The amendment says: When a self-financing House candidate exceeds the personal spending threshold of $350,000, his opponent gets three benefits. First, the opponent can receive contributions triple the per election limit of $2,300 from each donor. Second, the donors' now-tripled contributions are not counted against those donors' aggregate contribution limits for the two-year election cycle. Third, the opponent is permitted to coordinate with his political party committee unlimited party expenditures that otherwise would be limited by statute. Senate campaigns are subject to similar provisions, which are even more generous to candidates opposed by wealthy, self-financing individuals.
In 2006, Jack Davis, a wealthy Buffalo-area Democrat, self-financed his House campaign against Rep. Tom Reynolds who, as a four-term incumbent and a former chairman of the National Republican Congressional Committee, knows how to raise money. Benefiting from the additional advantages conferred by the Millionaires' Amendment's provisions, Reynolds narrowly won, 52-48.

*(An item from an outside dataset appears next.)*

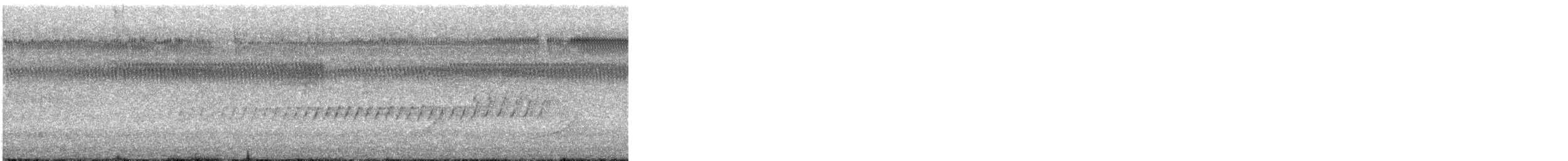 Pine Warbler - ML649240035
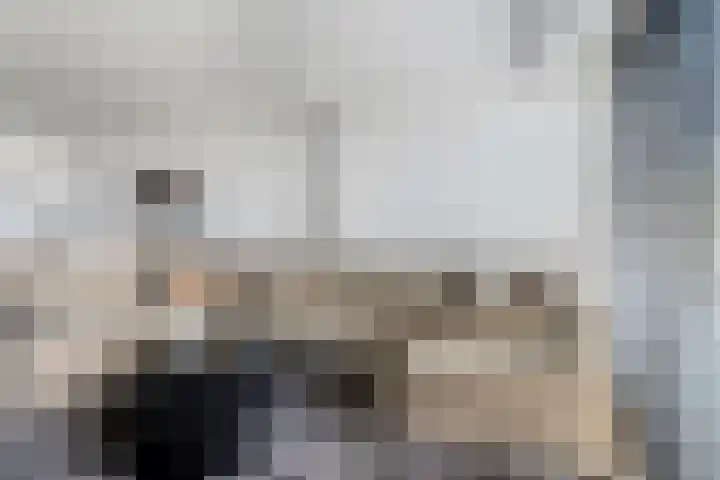 Jachthoek 6 Zuidland thumbnail 7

Davis wants the Supreme Court to rule that the Millionaires' Amendment unconstitutionally burdens the First Amendment right of political advocacy and violates the Constitution's guarantee of equal protection of the law. The Millionaires' Amendment does both -- and it reveals how the corruption rationale for campaign finance regulation is a charade.
In 1976, examining a 1974 law restricting both campaign contributions and expenditures, the court affirmed two principles. First, corruption arises from quid pro quo arrangements connecting contributions with particular actions of a public official. Second, because corruption arises from contributions, restrictions on expenditures are much more problematic, constitutionally.

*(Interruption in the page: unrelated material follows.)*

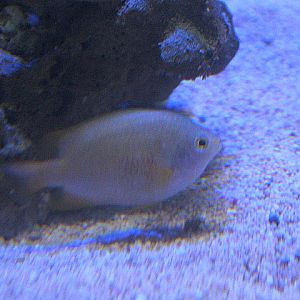 Ambon damsel (Pomacentrus amboinensis)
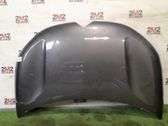 Motorhaube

The court noted that candidates spending their own money reduce their susceptibility to coercive pressures, and hence serve the purported purpose of regulation -- preventing corruption. So the court rejected the limits on candidates' personal expenditures, and dismissed as merely "ancillary" the objective of "equalizing the financial resources of candidates." Furthermore, in 2001 the court affirmed the limits on party-coordinated expenditures because they are "tailor-made to undermine contribution limits." With that in mind, reread, four paragraphs above, the third provision of the Millionaires' Amendment.
So, that amendment punishes candidates who use their own noncorrupting money -- self-financing candidates cannot corrupt themselves -- to disseminate their political speech. Such candidates are penalized for exercising a fundamental right -- political speech -- that Congress cannot constitutionally curtail.
The amendment does this by increasing the access of candidates opposed by wealthy candidates to what the authors of McCain-Feingold supposedly considered the corrupting sort of money -- political contributions from donors who can give triple the amount that McCain-Feingold says can corrupt (or in the case of Senate candidates, six times that amount).
Furthermore, incumbents can benefit from the Millionaires' Amendment even when they have amassed, as most can, substantial war chests. McCain-Feingold's authors wrote this provision while pretending to reduce the influence of donors, but while actually engaged in incumbent protection.
Davis' appeal to the Supreme Court asks: "If the answer to the corrupting influence of campaign donations is the application of uniform limits, how can the answer to noncorrupting expenditures be found in higher limits made available only to those candidates most susceptible to corruption?" If the court answers that question reasonably, it will accelerate the unraveling of McCain-Feingold, the most pernicious -- and for incumbents, the most audaciously self-serving -- law ever enacted to abridge First Amendment freedoms. Meanwhile, both parties increasingly try to recruit self-financing candidates, because "reforms" imposing limits on the size of contributions have increased the cost, in candidates' time and money, of raising campaign funds.
In 1976, the court stressed how crucial it is "that candidates have the unfettered opportunity to make their views known." In 2003, however, the court affirmed McCain-Feingold's fetters on political advocacy. The court has some contradictions to correct and an immediate reason -- the Millionaires' Amendment -- to begin.